5. Glen "Big Baby" Davis: Boston Celtics: Even at his best, this guy is doughy and lacking in the muscle definition department. Baby has his great spurts but there are always disastrous spurts intermingled. Granted, he's in much better shape now than he was at LSU, but I guess that's not really saying much. I'm sure all Celtics fans were as proud as I was to see him topless on the parade route during 2008, proving that you don't have to be ripped like Ray Allen to be a champion.
6. Antoine Walker: former NBA Player, various teams: 'Toine's talents were sadly overshadowed by his tremendous lack of discipline off the court.
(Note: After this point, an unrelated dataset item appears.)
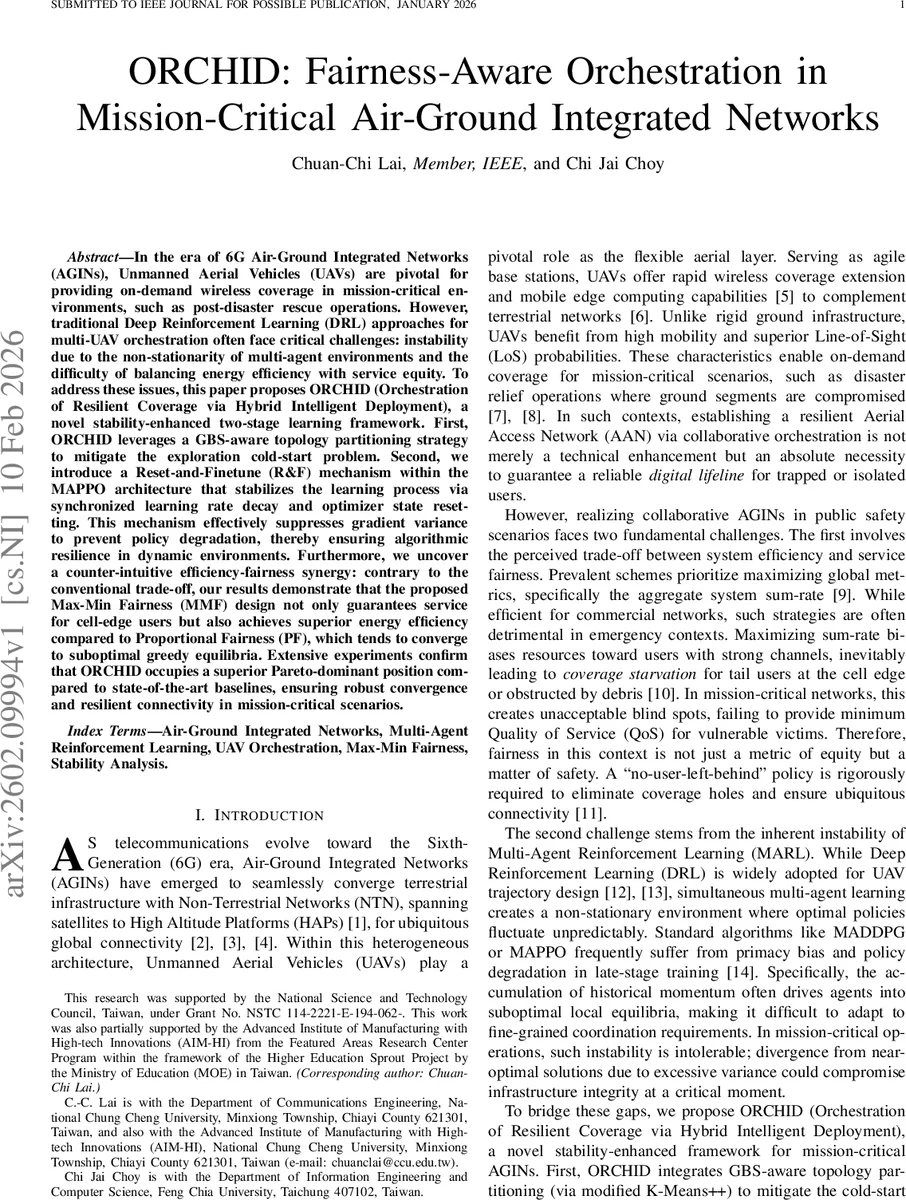 ORCHID: Fairness-Aware Orchestration in Mission-Critical Air-Ground Integrated Networks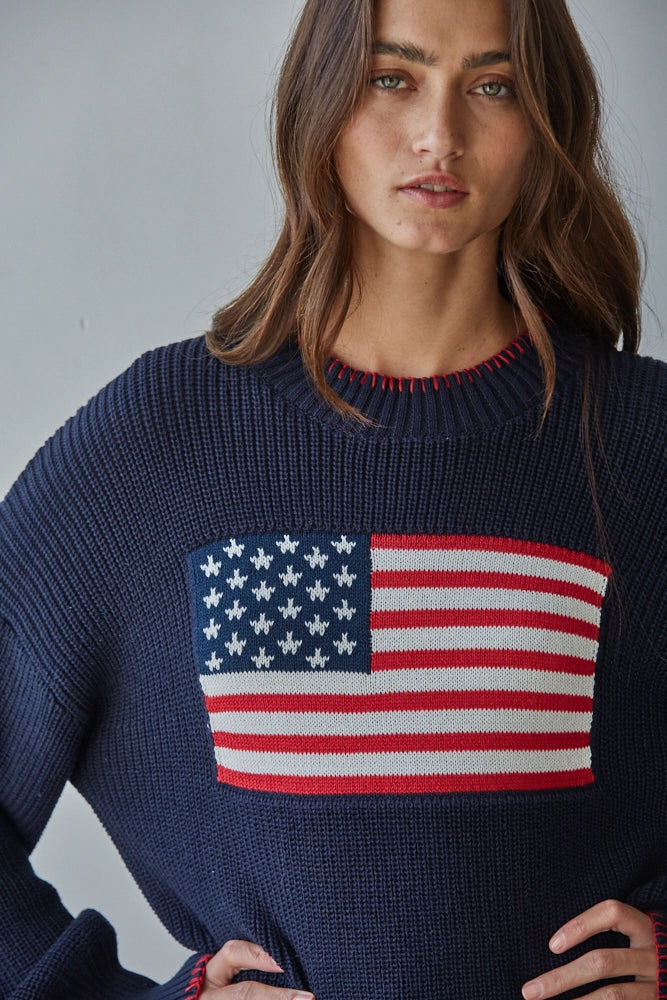 By Together America Flag Crew Sweater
This guy had so much potential, but a series of poor decisions both professionally and personally have left him bankrupt and playing for the Idaho Stampede--one of the D-League teams. It should also be noted that this member of the 2006 Miami Heat Championship team was also sent home from the team at one point because he was so out of shape and gaining weight. Seriously?! How awesome is that? That's something you don't hear about every day!! The Walker Wiggle was no joke!
And the list goes on....but again, these are my favorites....
Happy Monday!
-KC Jones
*Big Ran Addition:
David Wells - This dude was sloppy fat and was somehow a decent pitcher. He also pitched a perfect game drunk from the night before.
Dante Bichette - This was the type of guy the old regime for the Sox would always sign or aquire. The over-th-hill, slow, fat veteran, who maybe had some talent 10 years earlier. God, I hated this guy.